あんどうピアノ教室 安藤佳代です。
今日は午前中レッスンの後、ラファウ・ブレハッチピアノリサイタルに行ってきました。
ラファウ・ブレハッチといえば、2005年のショパン国際ピアノコンクールで優勝、その時、マズルカ賞、ポロネーズ賞、コンツェルト賞、ソナタ賞、聴衆賞全てを受賞したピアニストです。
2021年10月以来のブレハッチのリサイタル、今日の席は、パイプオルガン下のちょっと穴場の席。
ピアノからとても近く、手の動きはもちろんのこと、弾いている時の表情まで見ることができます。
前半はショパンプログラム。
ノクターンヘ短調、4つのマズルカOp.6、「幻想」「軍隊」「英雄」を含めたポロネーズ4曲。

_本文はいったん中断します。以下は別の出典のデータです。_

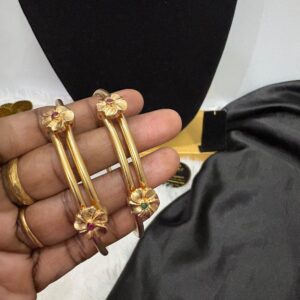 Impon Panchalogha Unpolished Adjustable Flower Design Kada – CMP261302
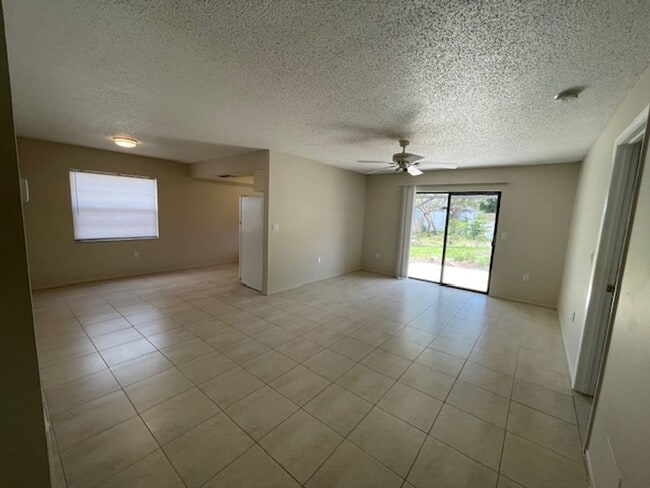 Building Photo - Open and bright 2/2 with garage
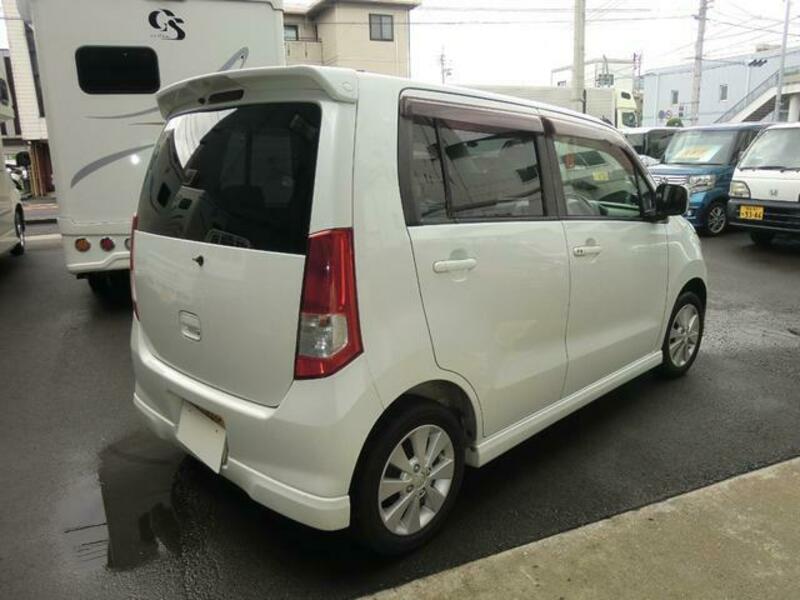 WAGON R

音を出す前からその場の空気をも感じて弾き始め、ピアニシモの音からフォルテの音まで美しい響きが響き渡ります。音の響きで作り上げられるグラデーションや、力強さの中にも優雅さ、上品さのある演奏、正しく正統派のショパンが会場中を包み込みます。ポーランドの民族舞踏のコミカルでリズミカルな演奏をしている時の表情、満足げに舞台袖に帰っていく表情なども見ることができました。

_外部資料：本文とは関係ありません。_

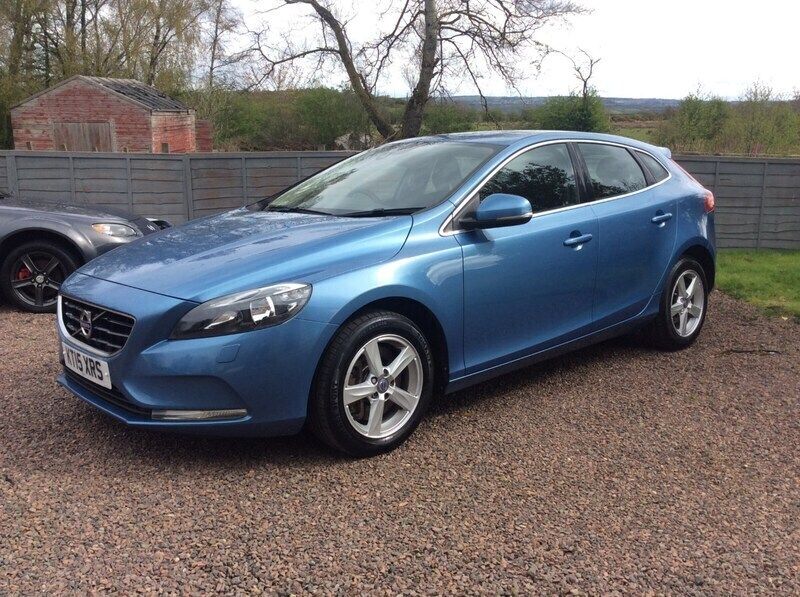 Blue Used 2015 Volvo V40 SE Estate | £5,750 (Good price) - Image 1/4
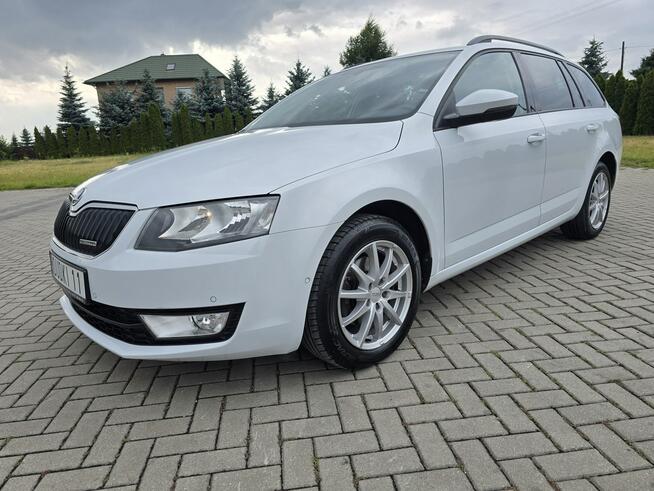 Škoda Octavia 1,6TDI Serwis.Navigacja.Klimatr 2 str.Asystent Parkowania.kredyt.OKAZJ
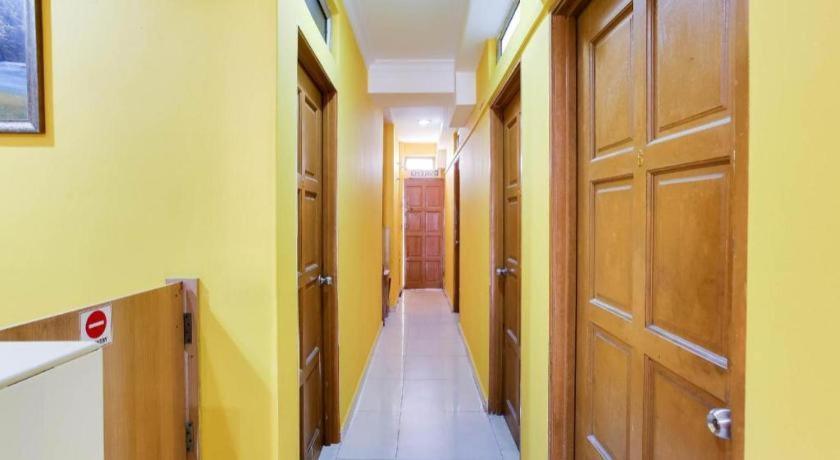 Oyo 89406 Lucky Budget Hotel 닐라이 외부 사진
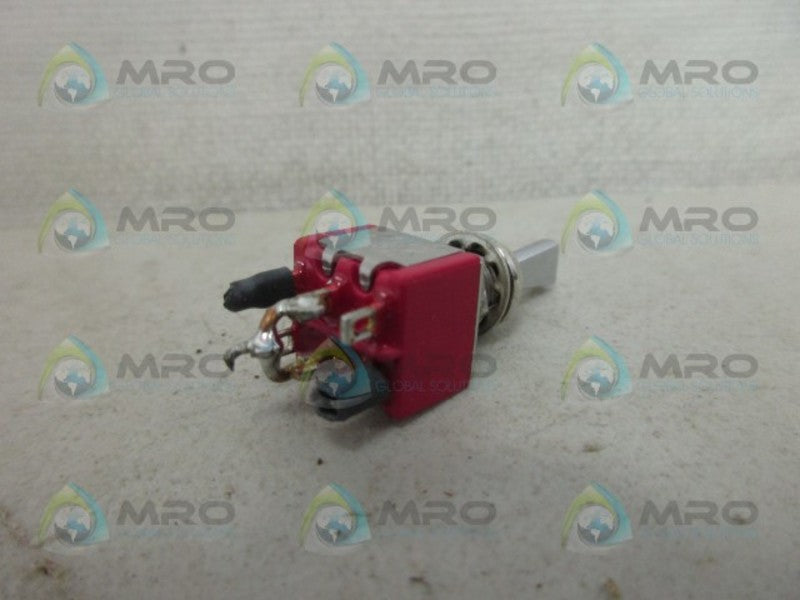 C&K 7205 TOGGLE SWITCH UNMP
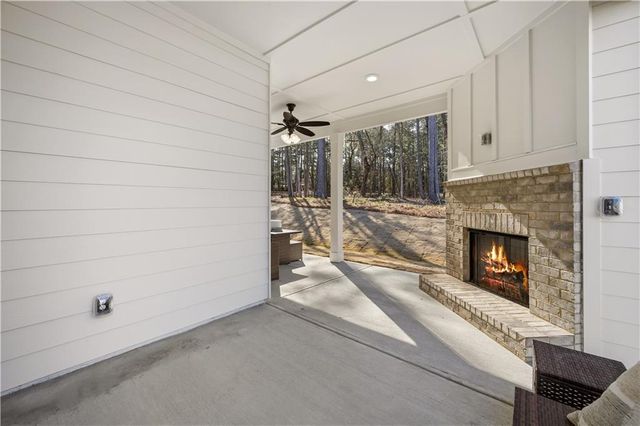 2555 Dixon Place, Lawrenceville, GA 30045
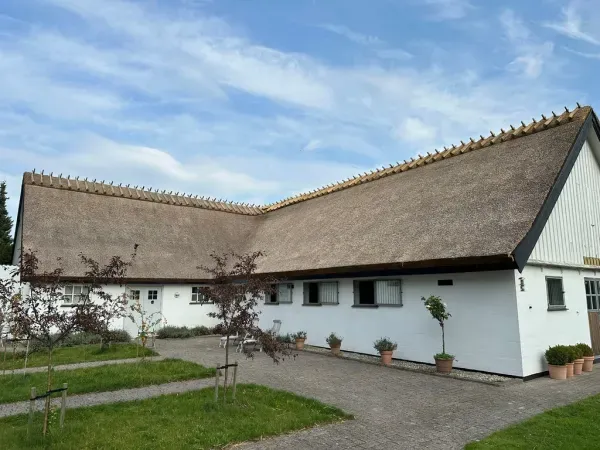 budynek-z-dachem-trzcinowym-59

後半はドビュッシーのベルガマスク組曲、モーツァルトのソナタ トルコ行進曲付き、そしてシマノフスキーの12の変奏曲でした。
ベルがマスク組曲の曲想の違いを見事に表現しています。ハーフタッチの美しい音色、何層に聴こえる立体的な響き、本当に素晴らしかったです。
モーツァルトソナタでは繰り返しのたびに何かしらの変化を取り入れ、自由自在に楽しみながら音を出している様子に聴いているこちらまで楽しくなってきました。どんな音も端正で上品で優雅で…美しすぎます。心に染み渡ってくる感じです。
シマノフスキーの作品はまだあまり聴く機会がなく初めてでしたが、少し神妙さを感じる美しいテーマから全く雰囲気の違う変奏、そして、とても重厚で荘厳な最終変奏まで、色々な表情を楽しんで聴くことができました。
鳴り止まない拍手の中、アンコールはショパンのマズルカイ短調。しっとりと締めくくる本当に素晴らしい演奏会でした。